## Task statement
Reproduce all the records word for word. Omit images.

## Stored items
◇ ◇ ◇ ◇

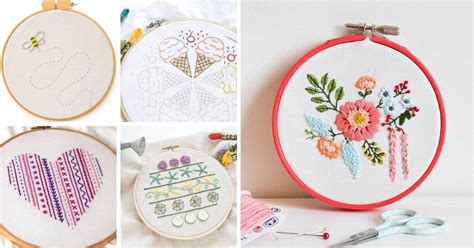 Simple Hand Embroidery Designs For Beginners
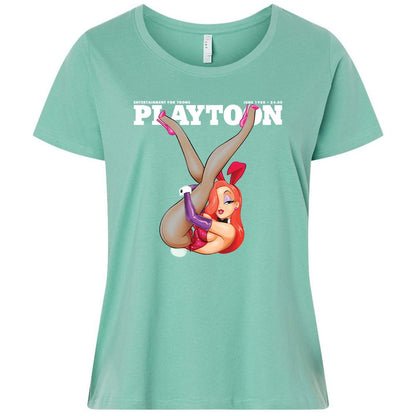 Ladies Curvy Jersey - VKME1MVP - Saltwater - 7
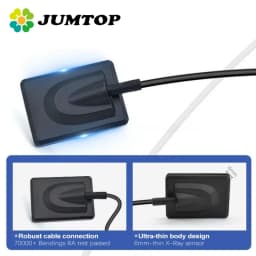 JUMTOP Dental RVG Sensor HDR 500C/600C Digital Intraoral Imaging System with Software APS CMOS Sensor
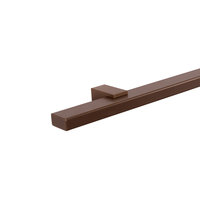 Treppengeländer Bronze rechteckig - 40x20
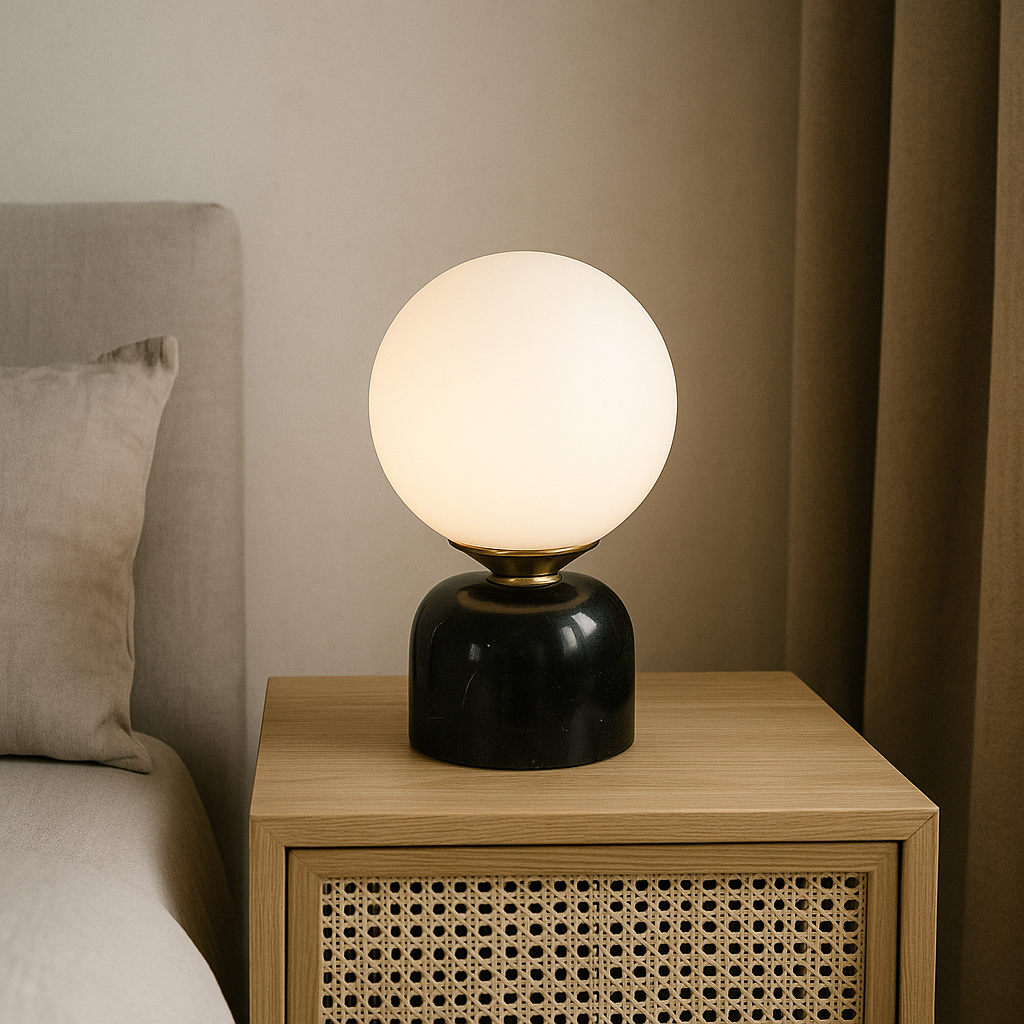 Scandinavian Table Lamp | Modern LED Light | Minimalist Design Fixture | Elegant Home Lighting | Hindsa Table Lamp for Dining Room 2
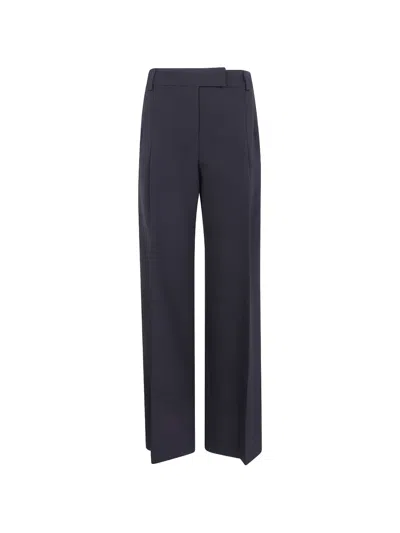 Drhope Pleated Tailored Trousers In Blue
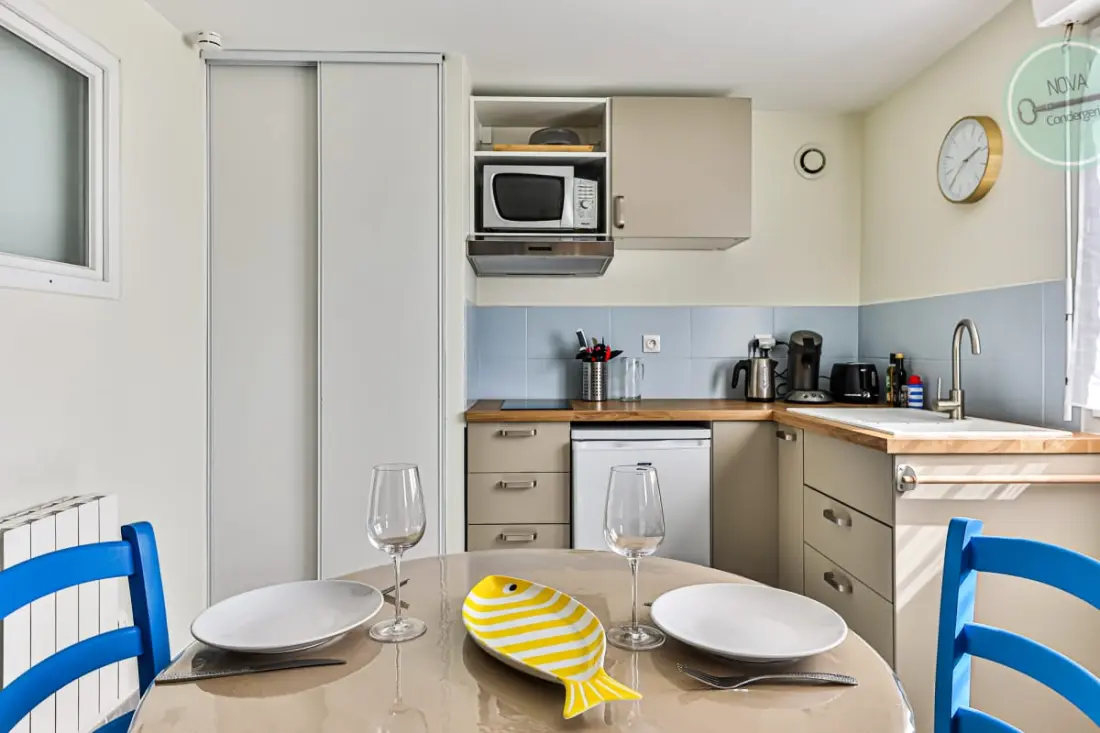 Résidence Studio Avec Terrasse à 400m De La Plage – Idéal Couple &amp; Week-end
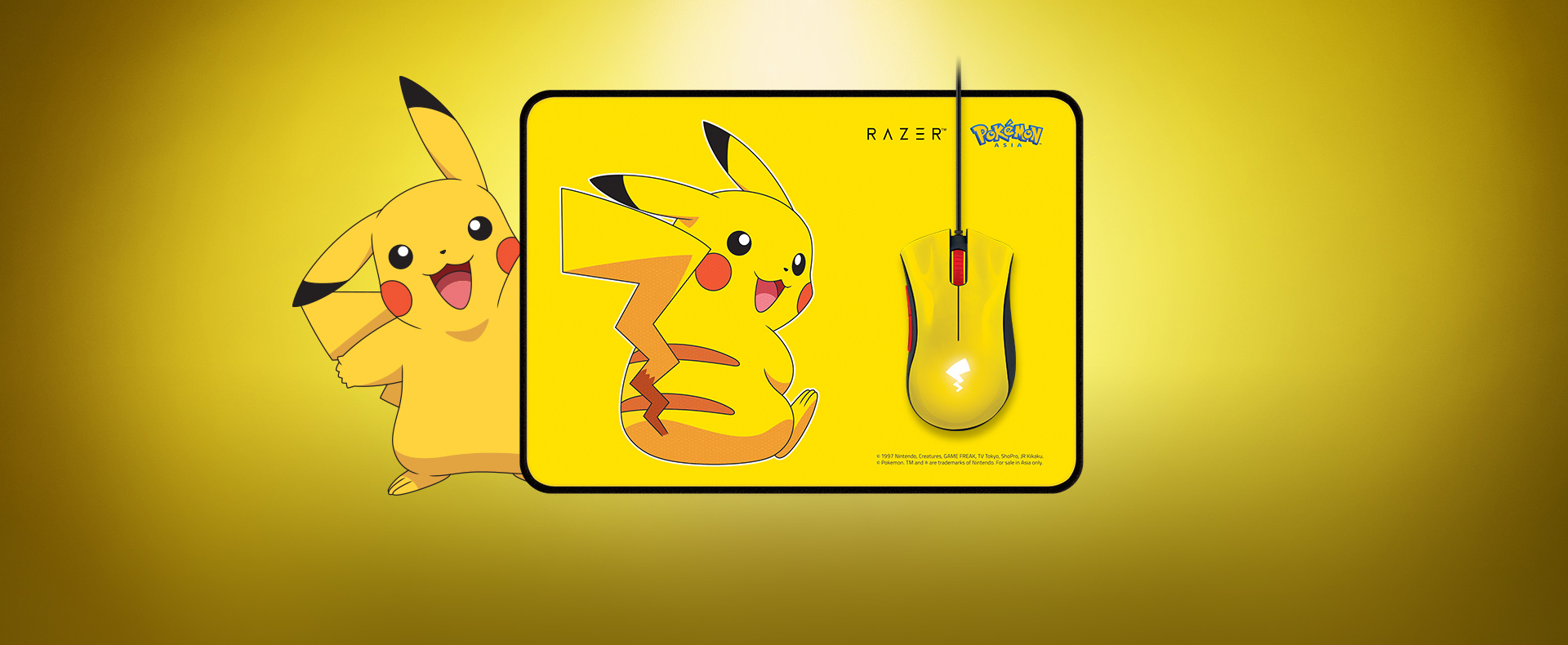 Giới thiệu Bộ Chuột Pad Razer Pokemon Pikachu Mouse+Mat Bundle (USB/Limited) (RZ83-02540100-B3D1)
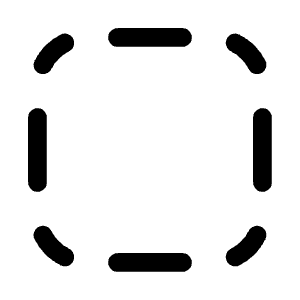 Square Dashed Icon from Mynaui Line Set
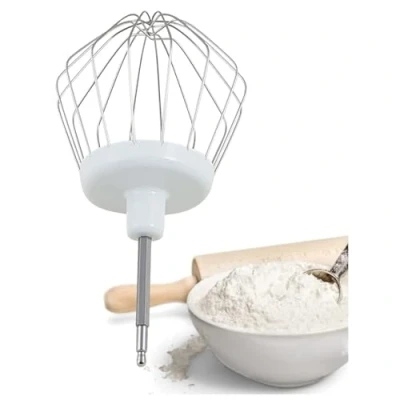 Image of Lichtblau Whisk 00650543 for Bosch Food Processor 650543 I Replacement Suitable Models MUM4 and MUM5 086066 095428 653926 with 8 Wires Accessories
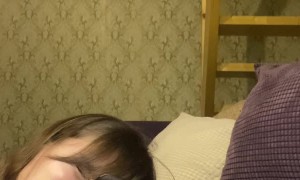 Ferret Grabs Owner by the Nose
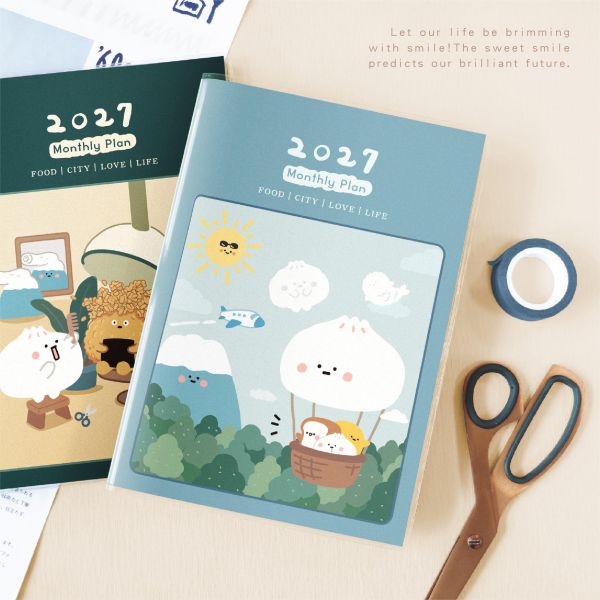 「小呸角系列」- 2027 25K跨年月計畫手冊/CDM-453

◇ ◇ ◇ ◇

## Answer to this exercise
 Simple Hand Embroidery Designs For Beginners
 Ladies Curvy Jersey - VKME1MVP - Saltwater - 7
 JUMTOP Dental RVG Sensor HDR 500C/600C Digital Intraoral Imaging System with Software APS CMOS Sensor
 Treppengeländer Bronze rechteckig - 40x20
 Scandinavian Table Lamp | Modern LED Light | Minimalist Design Fixture | Elegant Home Lighting | Hindsa Table Lamp for Dining Room 2
 Drhope Pleated Tailored Trousers In Blue
 Résidence Studio Avec Terrasse à 400m De La Plage – Idéal Couple &amp; Week-end
 Giới thiệu Bộ Chuột Pad Razer Pokemon Pikachu Mouse+Mat Bundle (USB/Limited) (RZ83-02540100-B3D1)
 Square Dashed Icon from Mynaui Line Set
 Image of Lichtblau Whisk 00650543 for Bosch Food Processor 650543 I Replacement Suitable Models MUM4 and MUM5 086066 095428 653926 with 8 Wires Accessories
 Ferret Grabs Owner by the Nose
 「小呸角系列」- 2027 25K跨年月計畫手冊/CDM-453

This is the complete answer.